### MATERIAL PROVIDED

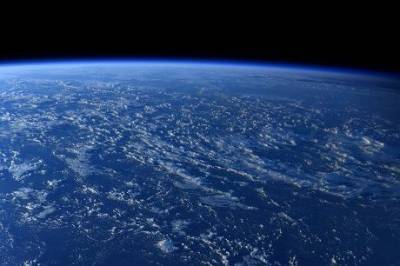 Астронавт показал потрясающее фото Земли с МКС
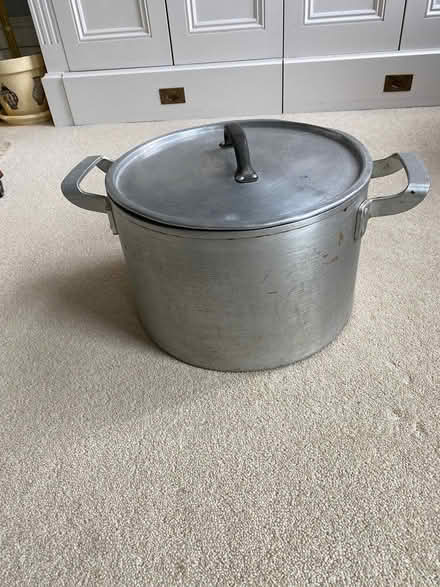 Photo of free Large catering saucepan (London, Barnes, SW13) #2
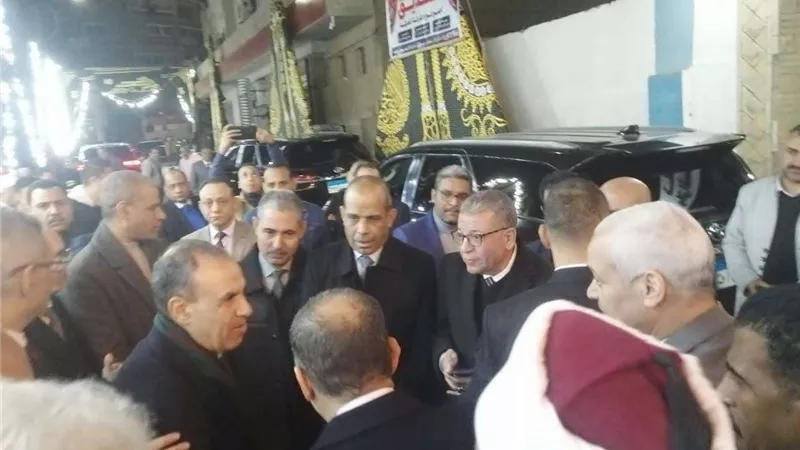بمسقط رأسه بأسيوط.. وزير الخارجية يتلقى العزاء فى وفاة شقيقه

--

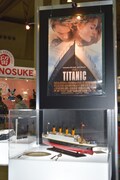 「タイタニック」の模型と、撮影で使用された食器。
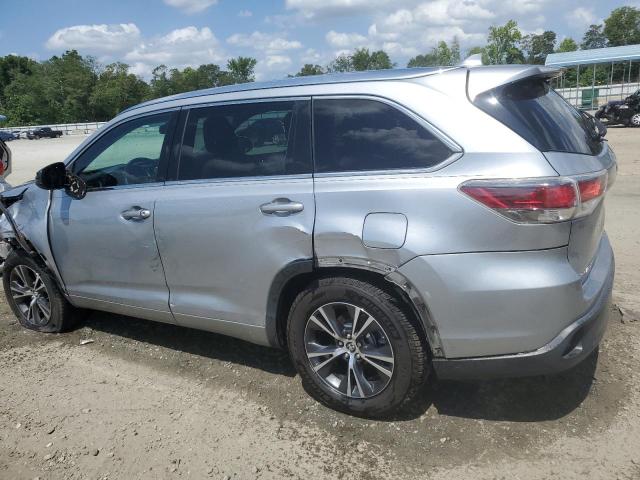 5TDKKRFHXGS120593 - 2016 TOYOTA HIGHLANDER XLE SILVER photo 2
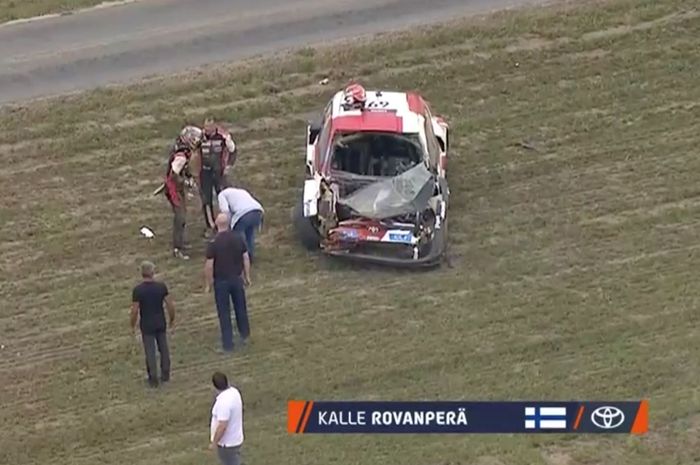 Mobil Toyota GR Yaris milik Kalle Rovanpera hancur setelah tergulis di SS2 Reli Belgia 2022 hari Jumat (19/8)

--

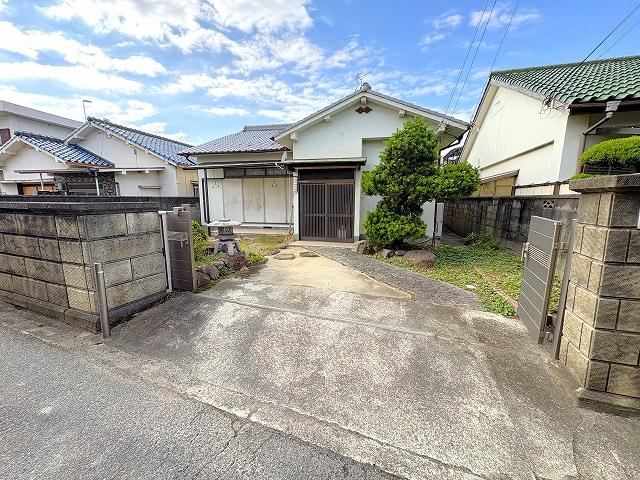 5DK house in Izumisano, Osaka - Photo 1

### WHAT IS EXPECTED
Using the data above, give again exactly the lines starting at the one holding "5TDKKRFHXGS120593 - 2016" and ending at the one holding "Mobil Toyota GR", inclusive, and nothing more. Omit the pictures.

### ANSWER AREA
 5TDKKRFHXGS120593 - 2016 TOYOTA HIGHLANDER XLE SILVER photo 2
 Mobil Toyota GR Yaris milik Kalle Rovanpera hancur setelah tergulis di SS2 Reli Belgia 2022 hari Jumat (19/8)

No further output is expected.